タイガー・ルール トラブル撲滅への手段
US Golf Digest 2014年1月号 texted by Divid Fay
タイガー・ウッズを取り巻くルールに関する話題は終わったかに思えた。しかし、ルールの識者からすれば、この論争が巻き起こった状況は歓迎すべきものだったのではないだろうか。なにせ今では、彼のおかげで以前より多くのゴルファーが、次のルールを理解するようになったからだ。
1.ローカルルールでは、埋まってしまったボールは、フェアウェイ近くの砂地で埋もれたボールとはみなされない(アブダビHSBC選手権より)。
2.辛うじて可能なことは、インチ単位の計測であり、ヤード単位ではない(マスターズより)。

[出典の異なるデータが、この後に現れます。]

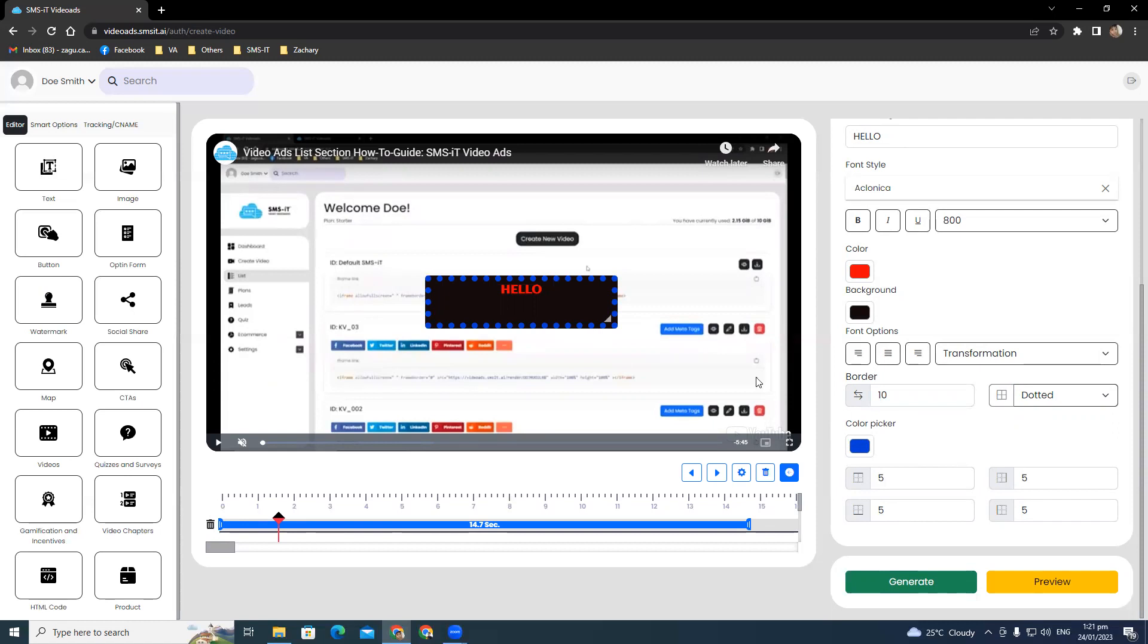All right, very neat. So that's the text option in the editor of the SMS video ads section. I hope to see you guys on the other episodes for the other options here. Thanks.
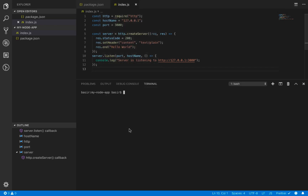It's time to run the server from the terminal. Open a new terminal and run 'node .' which runs index.js by default. When you press enter, you'll see the server is running at that address. Hold Ctrl and click on it to open your very first server — the content is 'Hello World' in plain text. You created your first web server with Node.js.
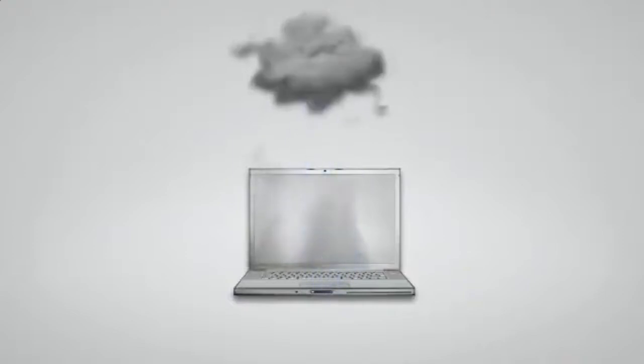If you don't regularly backup your computer files, you are only one hard drive crash, one forgetful moment, or one accident away from losing your computer files forever.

3.ハザードの境界を超えたかどうかの判断は、大きな違いを生み出してしまう(プレーヤーズ選手権より)。
4.アイザック・ニュートンの力学は、ボールがルース・インペディメントに触れた時、もしくは、そこから動いた時に適用される(BMW選手権より)。
最も混乱を招いたのは、タイガー自身の誤った判断である。
ペナルティを科された以上の4大会において、彼は問題が起こった時点で競技委員を呼んでいれば良かった。ウッズのプレーは、その高い注目度のあまり、細部にまで渡り注視される。彼自身も、コース上の競技委員が、ルール解釈のサポートをしてくれると理解していた。およそ40,000字の、600頁にも及ぶルール、そして解釈付きのマニュアルが存在するということも。つまりタイガーは、ドロップする適切な場所を、委員が責任を持って指示してくれることを理解していた。それにより選手が間違いを犯すリスクから解放されるということも。

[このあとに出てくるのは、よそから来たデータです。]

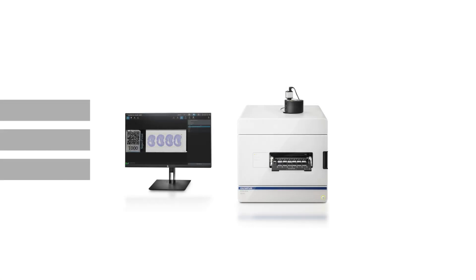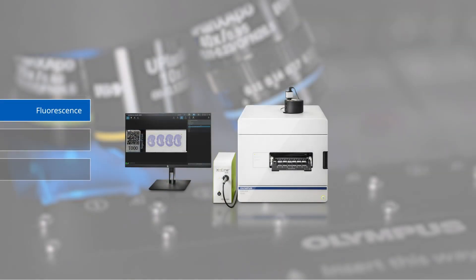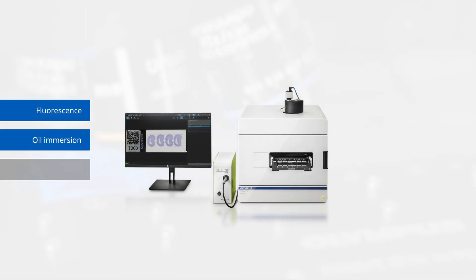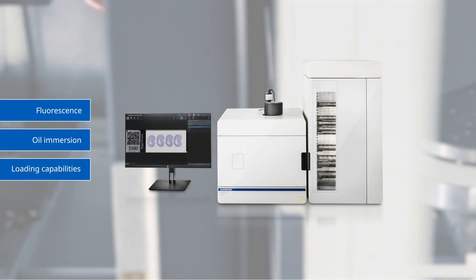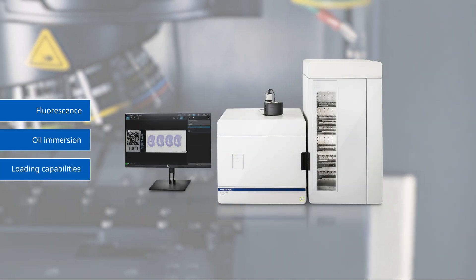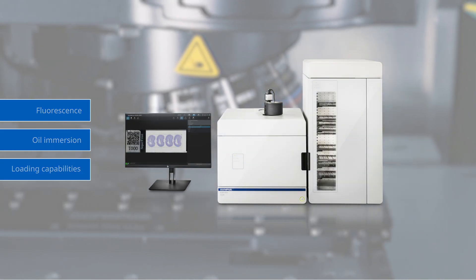The system is also flexible enough to grow with your work. You can add fluorescence, oil immersion, and automated loading capabilities to your system as your needs change.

もしアブダビでタイガーが競技委員を呼んでいたら、どうなっていただろうか?委員は残念そうなタイガーの表情を見て、「ボールは砂地にある」と言い、本人が埋まったボールの状態を確認し、プレー続行不可能と宣言していただろうか?そうすれば2打のペナルティは科されなかったのだろうか。
タイガーは、競技委員がペナルティから守ってくれることも知っていた。1999年にTPCスコッツデールで開催されたフェニックス・オープン最終日、巨大な岩が障害物かどうかの判定を要請。そしてギャラリーに協力してもらい、その石を動かせるかどうかを委員に確認している。

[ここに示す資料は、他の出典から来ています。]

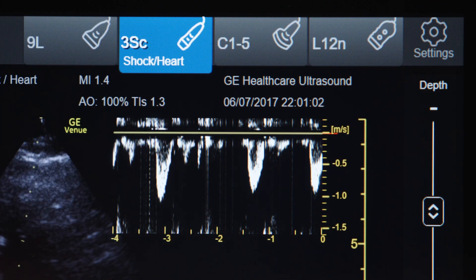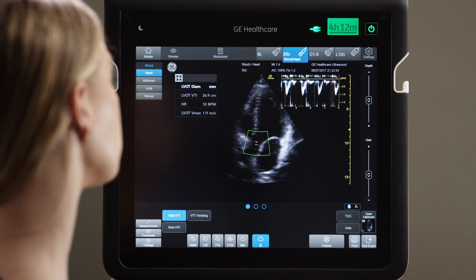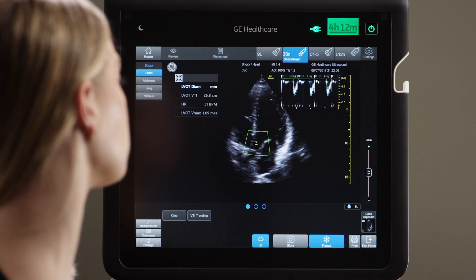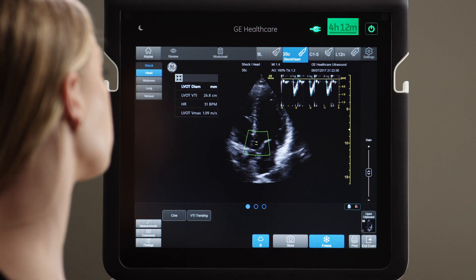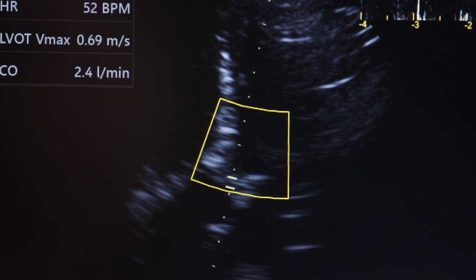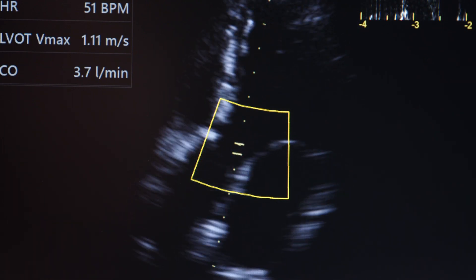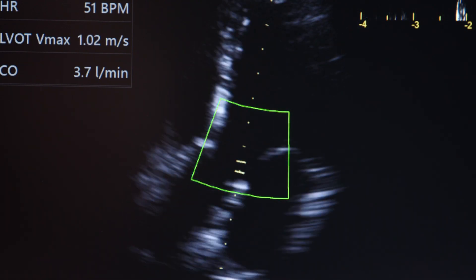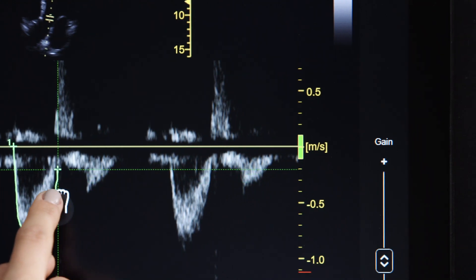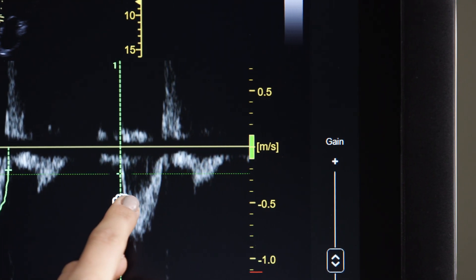With Auto VTI, Venue displays the Doppler signal automatically. The Auto VTI tool calculates the velocity time integral, or VTI, in a single step. The sample box changes colors, acting as a quality indicator to assist you with image acquisition. Without the Auto VTI tool, you would need to take several measurements and images to calculate the VTI.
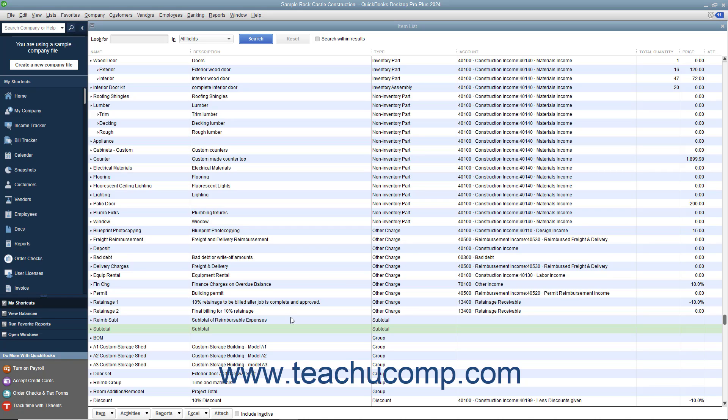This is useful for totaling all of the previous line items within an invoice before applying a discount to the subtotal amount.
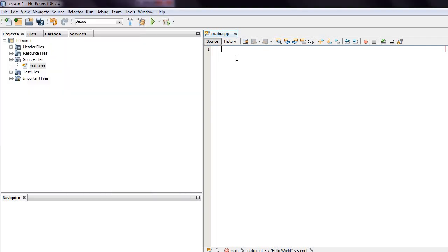Hello everyone, this is Damien with lesson number one of Beginner C++. Today we're going to be talking about simple input-output, and we're going to be showing you how to set up a file from scratch.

BMW選手権の話に戻るが、ボールが動いたと認めず、リプレー映像を見られたらどうだったか。可能性として考えられるのは、映像の確認を拒否しただろうということ。これは、スコアリングトレーラーに乗っていたある人物の話。Foxスポーツのロバート・ルーズティッチ氏が伝えたところによれば、こうだ。
「ウッズは競技委員のスラッガー・ホワイトに対し、2打のペナルティを科され、不満を爆発させた。ホワイトはウッズに問題のシーンを録画した映像を見せようとしたが、ウッズはこれを拒否。もし映像を見る気分だったのなら、自分が間違っていたと知っただろう。だが、ウッズは自分の誤りを時に認めない傾向がある為、怒りを爆発させた」。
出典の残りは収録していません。